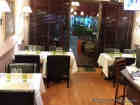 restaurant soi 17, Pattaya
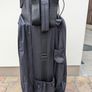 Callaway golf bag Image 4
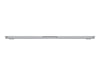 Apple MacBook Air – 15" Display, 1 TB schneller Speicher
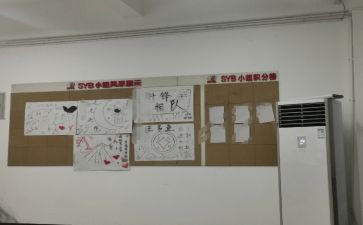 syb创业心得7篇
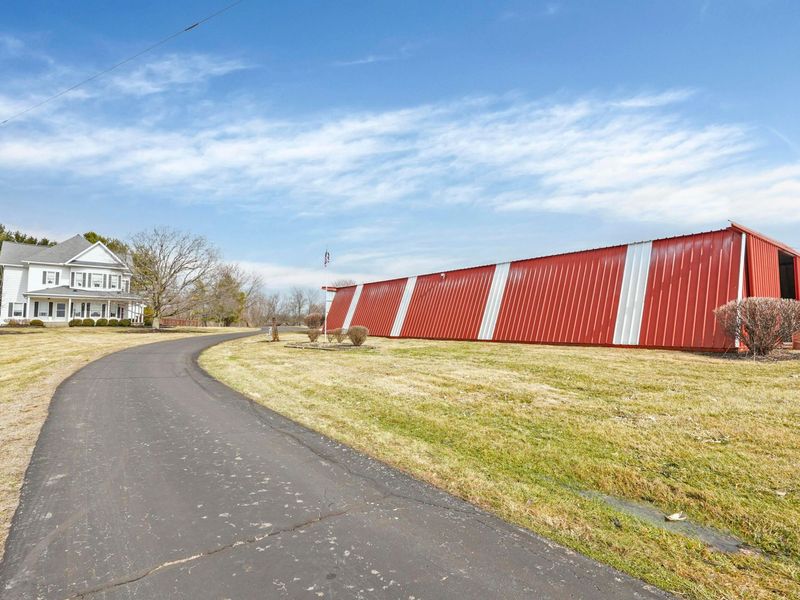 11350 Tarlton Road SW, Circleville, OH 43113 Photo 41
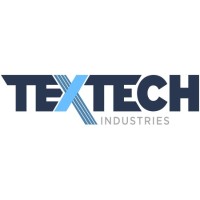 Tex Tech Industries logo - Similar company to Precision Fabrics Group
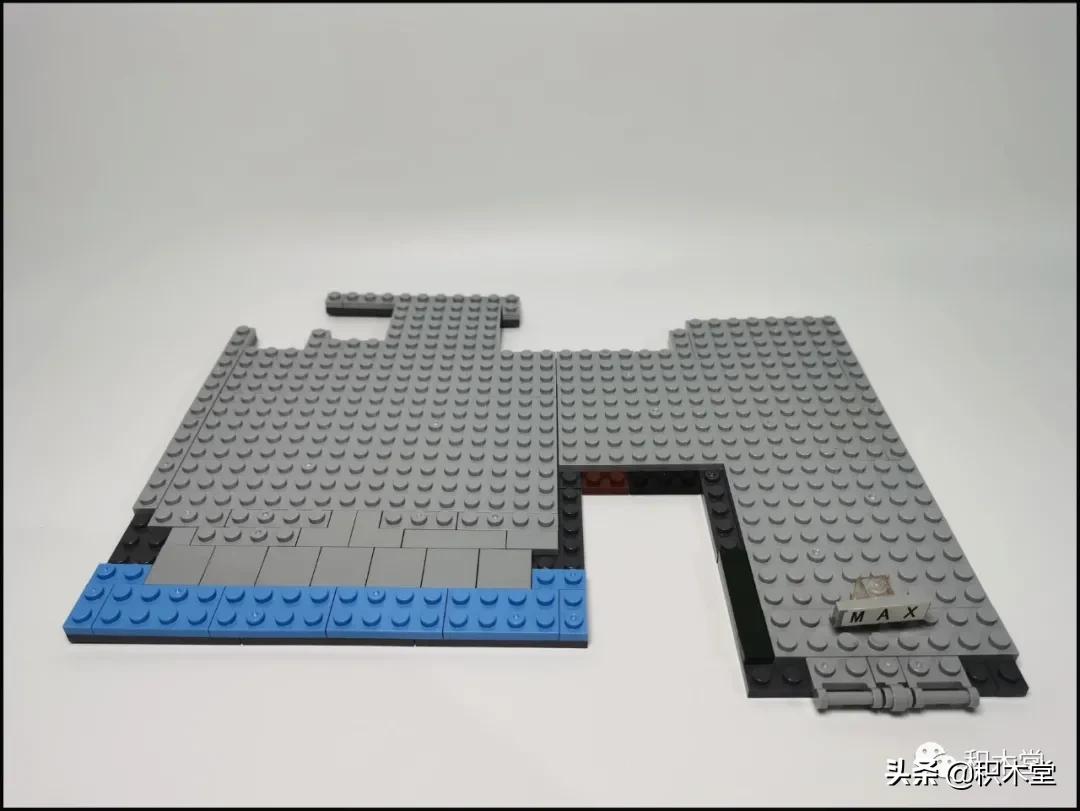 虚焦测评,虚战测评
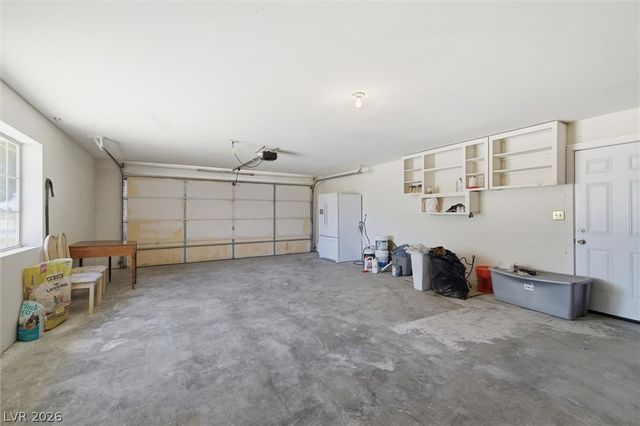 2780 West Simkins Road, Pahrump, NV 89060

================================

#### WHAT YOU WILL DO:
Your answer must be an exact copy of the entries above, with no pictures in it.

#### RESULT FOR THIS TASK:
 restaurant soi 17, Pattaya
 Callaway golf bag Image 4
 Apple MacBook Air – 15" Display, 1 TB schneller Speicher
 syb创业心得7篇
 11350 Tarlton Road SW, Circleville, OH 43113 Photo 41
 Tex Tech Industries logo - Similar company to Precision Fabrics Group
 虚焦测评,虚战测评
 2780 West Simkins Road, Pahrump, NV 89060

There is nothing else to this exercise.